Interview : Anna Gedda

FYI.

This story is over 5 years old.

La Semaine de la mode durable

Interview : Anna Gedda

Anna Gedda, responsable du département durabilité de H&M, nous parle des défis de la mode durable.

Cet article a été réalisé pour le compte du Sommet de la Mode de Copenhague et a été créé indépendamment de la rédaction de VICE. Anna Gedda, responsable du département durabilité de H&M, nous parle des défis de la mode durable.

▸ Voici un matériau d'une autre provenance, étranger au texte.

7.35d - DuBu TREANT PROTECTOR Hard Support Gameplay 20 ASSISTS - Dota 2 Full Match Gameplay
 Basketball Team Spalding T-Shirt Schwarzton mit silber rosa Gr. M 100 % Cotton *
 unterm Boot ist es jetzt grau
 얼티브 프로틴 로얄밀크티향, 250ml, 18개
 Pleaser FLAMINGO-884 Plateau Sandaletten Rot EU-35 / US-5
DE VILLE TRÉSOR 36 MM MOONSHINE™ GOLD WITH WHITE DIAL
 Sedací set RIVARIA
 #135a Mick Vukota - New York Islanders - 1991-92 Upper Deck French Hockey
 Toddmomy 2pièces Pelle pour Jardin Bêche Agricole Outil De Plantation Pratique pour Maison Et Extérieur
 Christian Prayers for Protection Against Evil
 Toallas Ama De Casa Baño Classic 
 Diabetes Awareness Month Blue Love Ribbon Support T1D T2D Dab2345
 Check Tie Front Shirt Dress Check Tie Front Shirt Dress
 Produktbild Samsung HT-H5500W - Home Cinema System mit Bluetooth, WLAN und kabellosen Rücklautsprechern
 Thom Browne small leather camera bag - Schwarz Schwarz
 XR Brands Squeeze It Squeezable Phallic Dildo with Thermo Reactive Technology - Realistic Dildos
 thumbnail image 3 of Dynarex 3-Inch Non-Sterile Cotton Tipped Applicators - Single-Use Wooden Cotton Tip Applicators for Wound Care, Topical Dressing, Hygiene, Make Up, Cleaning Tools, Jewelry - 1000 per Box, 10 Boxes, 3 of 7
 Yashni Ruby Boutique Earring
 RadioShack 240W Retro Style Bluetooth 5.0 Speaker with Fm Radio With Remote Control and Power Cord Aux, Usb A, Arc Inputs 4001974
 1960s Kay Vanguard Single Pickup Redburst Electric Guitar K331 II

Pourquoi pensez-vous que le monde de la mode devrait se soucier de la durabilité ?
Anna Gedda : Je pense que la durabilité est un pré-requis pour n'importe quelle entreprise, quel que soit son secteur d'activité, si elle veut grandir et réussir sur le long-terme – et l'industrie de la mode ne fait pas exception. Nous savons que nous utilisons plus de ressources que ce que permet notre planète et la population mondiale continue d'augmenter. Dans quelques dizaines d'années, il y aura 9 milliards d'êtres humains – ils auront tous besoin de vêtements et voudront exprimer leur personnalité à travers ce qu'ils portent.

Publicité

Donc le défi pour notre industrie est de faire en sorte qu'il soit possible de profiter de la mode, de continuer à contribuer à la croissance et au développement, mais de le faire en respectant les limites de notre planète. Pour ce faire, nous devons dissocier la croissance de l'utilisation de ressources et nous diriger vers un modèle d'économie circulaire. Pour cela, H&M s'est fixé comme objectif de devenir 100% circulaire, y compris en utilisant uniquement des matériaux recyclés ou d'autres types de matériaux durables et en adoptant une approche circulaire dans sa manière de produire et d'utiliser les produits. Cela signifie entre autres que nous souhaitons créer un modèle de production en cycle fermé pour la mode, dans lequel on crée de nouveaux vêtements à partir d'anciens sans utiliser de matériaux supplémentaires.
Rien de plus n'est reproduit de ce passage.